After you create the project, a project structure is created for
you automatically. You can see this structure in the Project
Explorer view, with the project name as the folder that contains
the necessary files to continue. Copy or drag the documents that
you want to analyze inside the textAnalytics
folder.
If you are using data that is captured from tweet feeds or other
sources that might produce a large volume of data, consider
starting the extraction development process by using a subset of
your data instead of downloading all of the data from the cluster.

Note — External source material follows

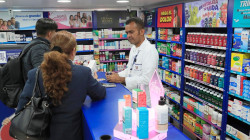 Un modelo mexicano de farmacias con medicamentos de bajo costo crece en Colombia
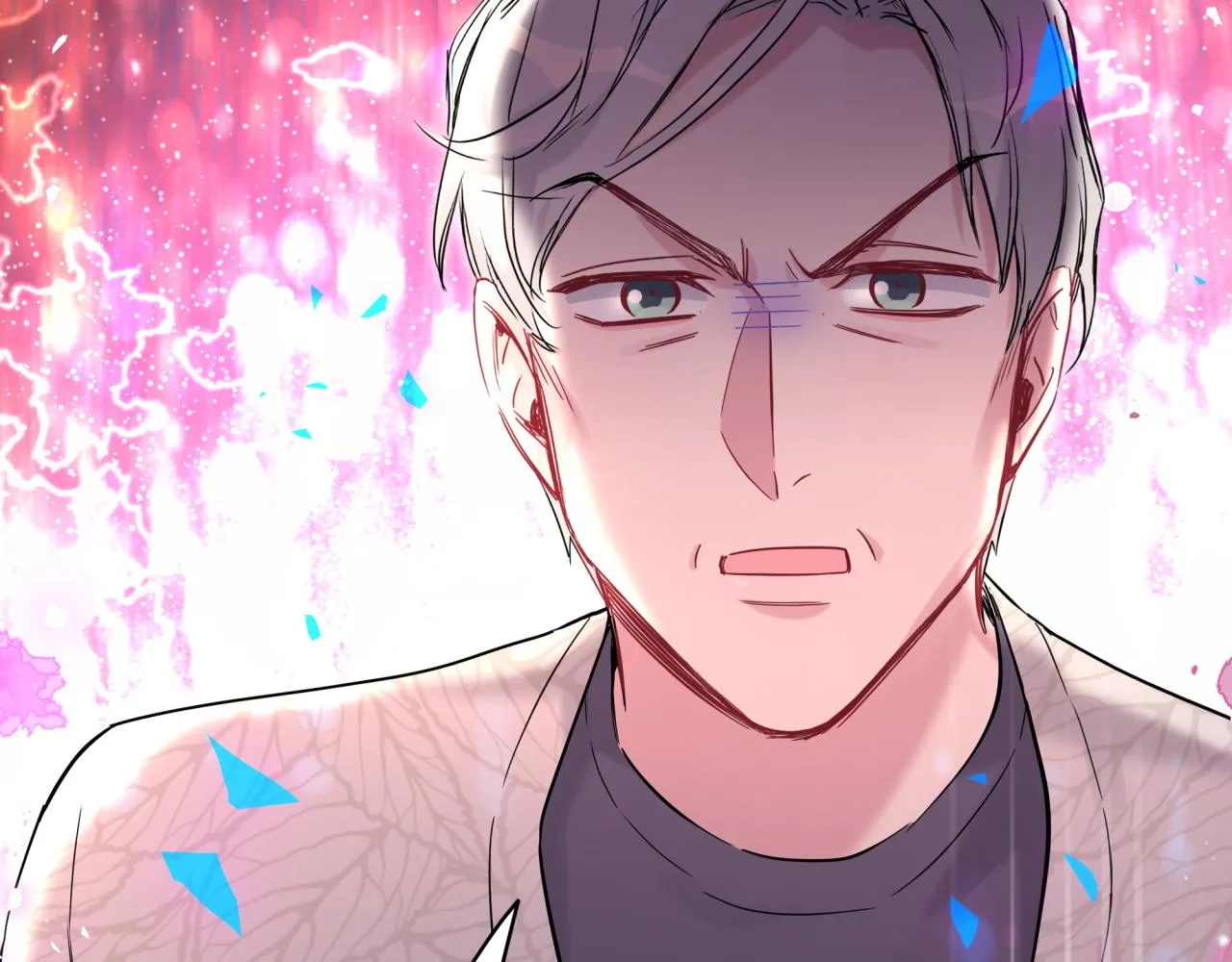 第173话 轶云 Ⅻ 第113页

From the InfoSphere BigInsights
Console, you can select the data sampling or the data subset
applications to reduce the amount of data to work with.
- If
you are not already in the InfoSphere
BigInsights Text Analytics Workflow
perspective, switch to that perspective.
- In
the InfoSphere BigInsights Text Analytics Workflow perspective, open the Extraction Tasks tab. Select the
documents that you want to analyze. Expand this step, and click Browse Workspace to find the documents.
When you select the documents, they are available for you to
analyze. Select a file, and click Open.
That file opens in the editor pane.
As with any data analysis, if you have some
familiarity with the content, you already have an idea of the
information that you want to extract.